Weathers' victory in the can run - complete with a dramatic dive at the finish - gave Sea Isle its fourth first-place finish of the competition and allowed it to win its second straight Beschen-Callahan title. Sea Isle finished with 22 points. Wildwood Crest was second with 18 points and North Wildwood placed third with 17 points.
The competition was close heading into the can run, a one-person out-and-back surf clash with a rescue buoy, with Sea Isle, North Wildwood and Wildwood Crest all in contention for the title.
Adding to the drama was the fact that the can run competitors from all three of those patrols rose out of the surf' at virtually the same time late in the race. Weathers, however, was able to trudge through the surf a bit quicker than North Wildwood's Drew Williams and Wildwood Crest's Josh Irons. With the rest of the Sea Isle contingent screaming with joy, Weathers dove to his finishing stick to clinch the team title for his patrol.
"I knew we were all right there," Weathers, a Norristown, Pa., native and recent graduate of West Chester University said of the team standings heading into his event, "so I knew what I had to do."
Sea Isle put itself in contention for the team title though outstanding performances by Pat Healy, Sean Riley and Tim Carroll.
Healy, an accomplished swimmer and past county and Beschen-Callahan titlist, won the box swim by five seconds over North Wildwood's Nick Mako.
Carroll, a LaSalle University runner. won the two-mile beach run by two seconds over North Wildwood's John Garton.
But perhaps the biggest surprise of the evening came from Riley, a 17-year-old from Lafayette Hills. Pa.. who rows at LaSalle High School. Riley. in his first summer in inter-patrol competitions, used a strong push from a wave in the final 30 yards to win the singles row.
"I didn't know what happened in the surf," said Riley, whose father. Eugene, and Uncle, Bill Riley, previously rowed for the Sea Isle City Beach Patrol. "Coming in I saw the Crest boat (John Way) and I just told myself there's no way he was going to beat me. I just rowed my butt off. This is huge for me because before this I had never really been good at singles (rowing).

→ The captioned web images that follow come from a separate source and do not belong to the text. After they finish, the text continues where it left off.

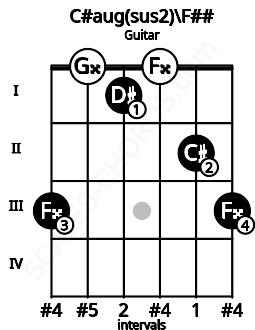 Fretboard image for the C#aug(sus2)\F## chord on guitar frets: 3 0 1 0 2 3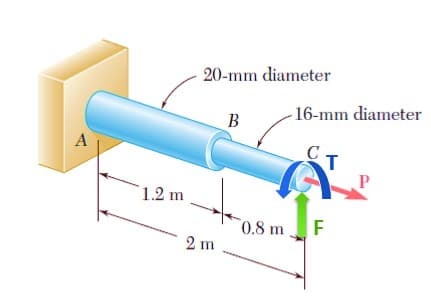 20-mm diameter
- 16-mm diameter
В
A
1.2 m
0.8 m F
2 m
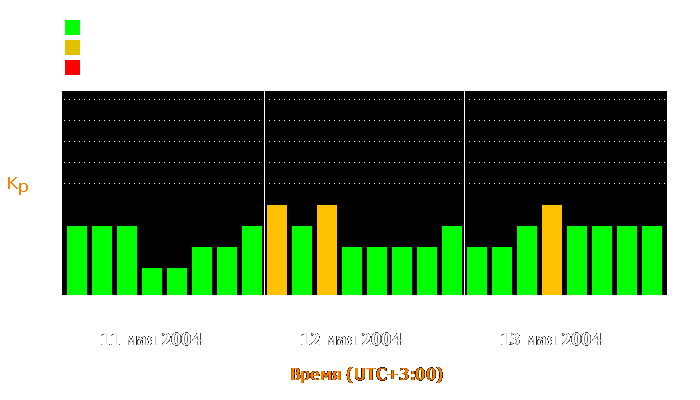 Состояние магнитосферы Земли с 11 по 13 мая 2004 года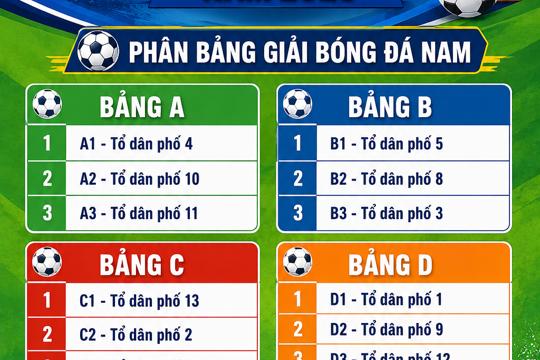 Phường Hà Huy Tập phân bảng Giải bóng đá nam năm 2026 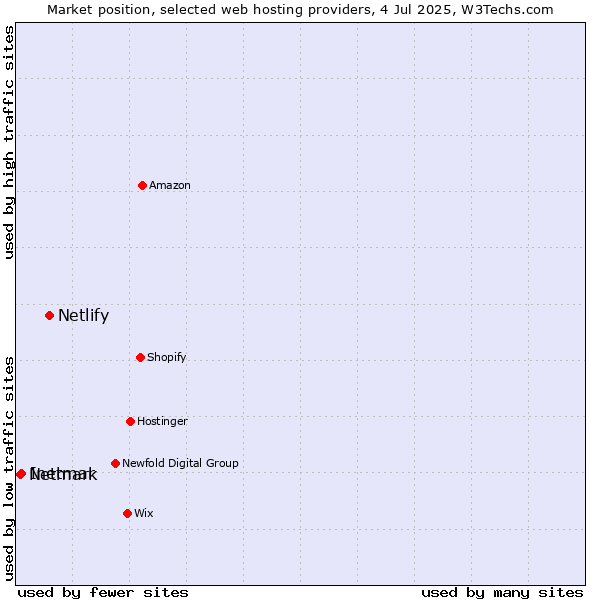 Market position of Netlify vs. Inetmar vs. Netmark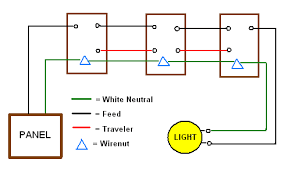 3 And 4 Way Switches Made Easy Doityourself Com House Wiring Home Electrical Wiring Make It Simple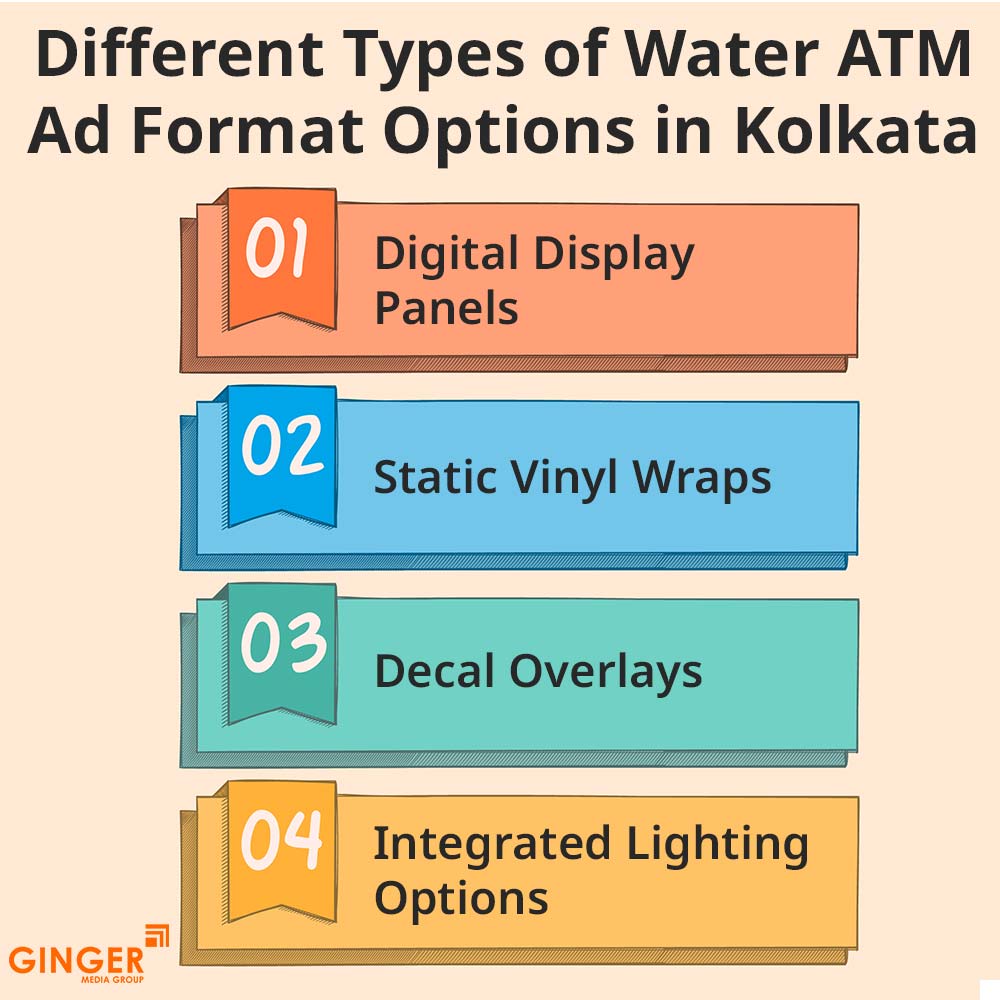 different types of water atm ad format options in kolkata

Sea Isle, in the past an afterthought at most beach patrol competitions, has developed into a patrol that can contend in most lifeguard competitions over the past couple of summers.
"I think we're really up and coming", Weathers said. A lot of guys are taking this stuff a lot more seriously. Before. we basically had Pat and we let him do whatever events he wanted to do and everyone just watched him. Now we know we're much more of a team. Everyone's putting in the effort and trying to go out and do what they can."

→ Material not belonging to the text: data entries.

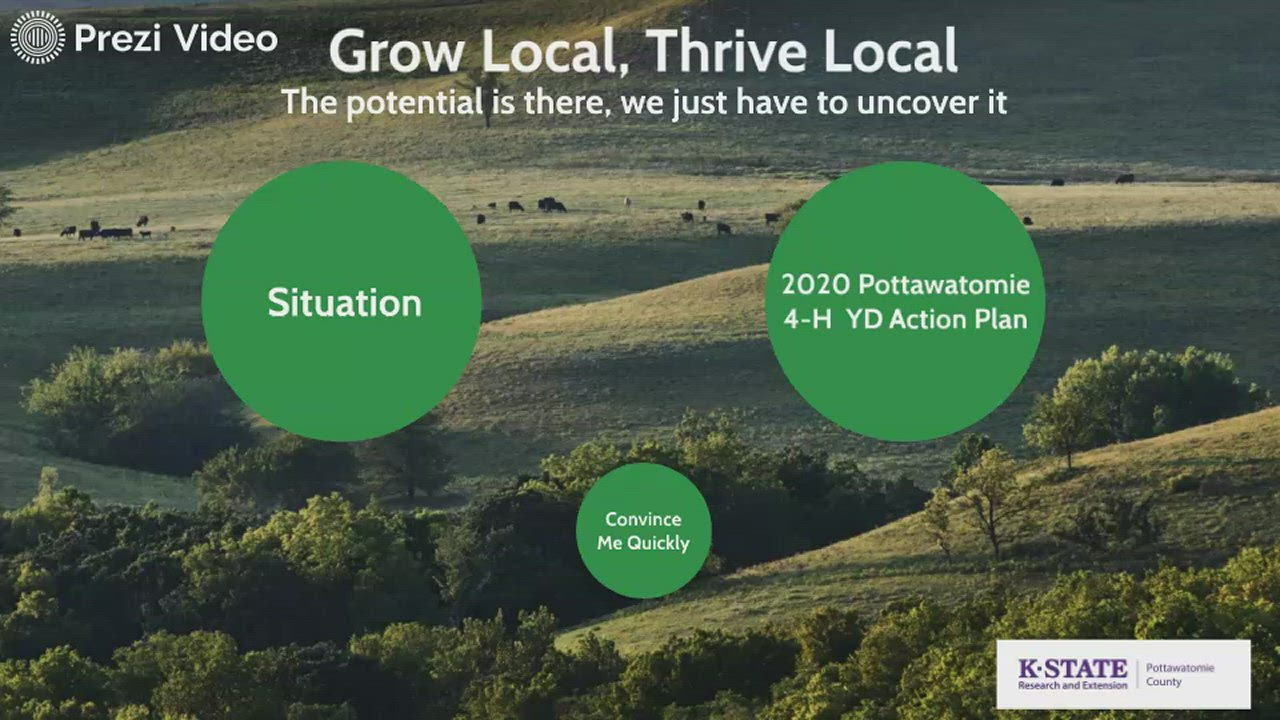 Grow Local, Thrive Local by Pottawatomie County Extension on Prezi Video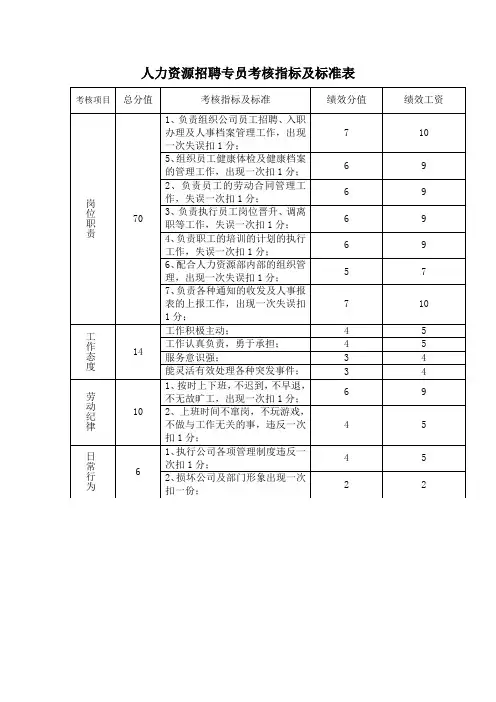 人力资源招聘专员考核指标及标准表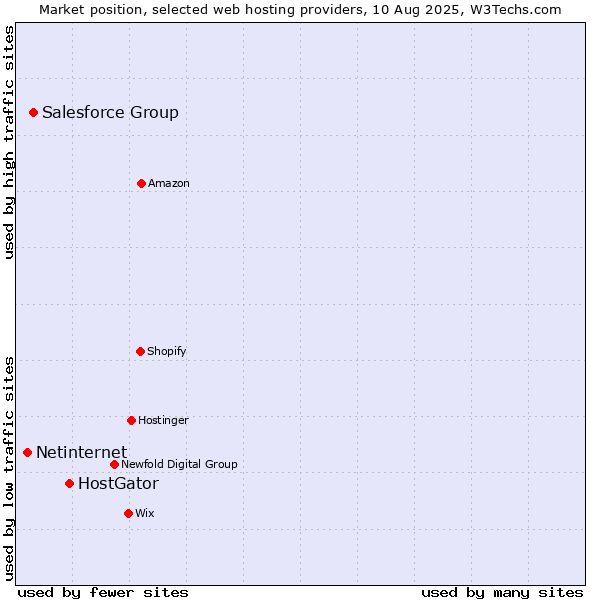 Market position of HostGator vs. Salesforce Group vs. Netinternet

Stone Harbor's Dave Insogna and Mike Murray nipped Wildwood Crest's Max Bilkins and Bick Murphy in the doubles row. Bilkins and Murphy reached the beach first, but Insogna and Murray won the competition due to their straighter course. At the Beschen-Callahan races, rowers are required to run from their boats to a designated flag on the beach after returning to shore, and Insogna beat Murphy to the flag by two seconds.
North Wildwood won the surf dash relay as Steve Hanlon, Bill Walsh, John Montgomery and Tim Fynes beat second-place Wildwood Crest by about four seconds.
Wildwood Crest's Joe Maloy, who also placed third in the swim, won his second run/ swim competition of the summer, finishing 24 seconds ahead of North Wildwood's Macko.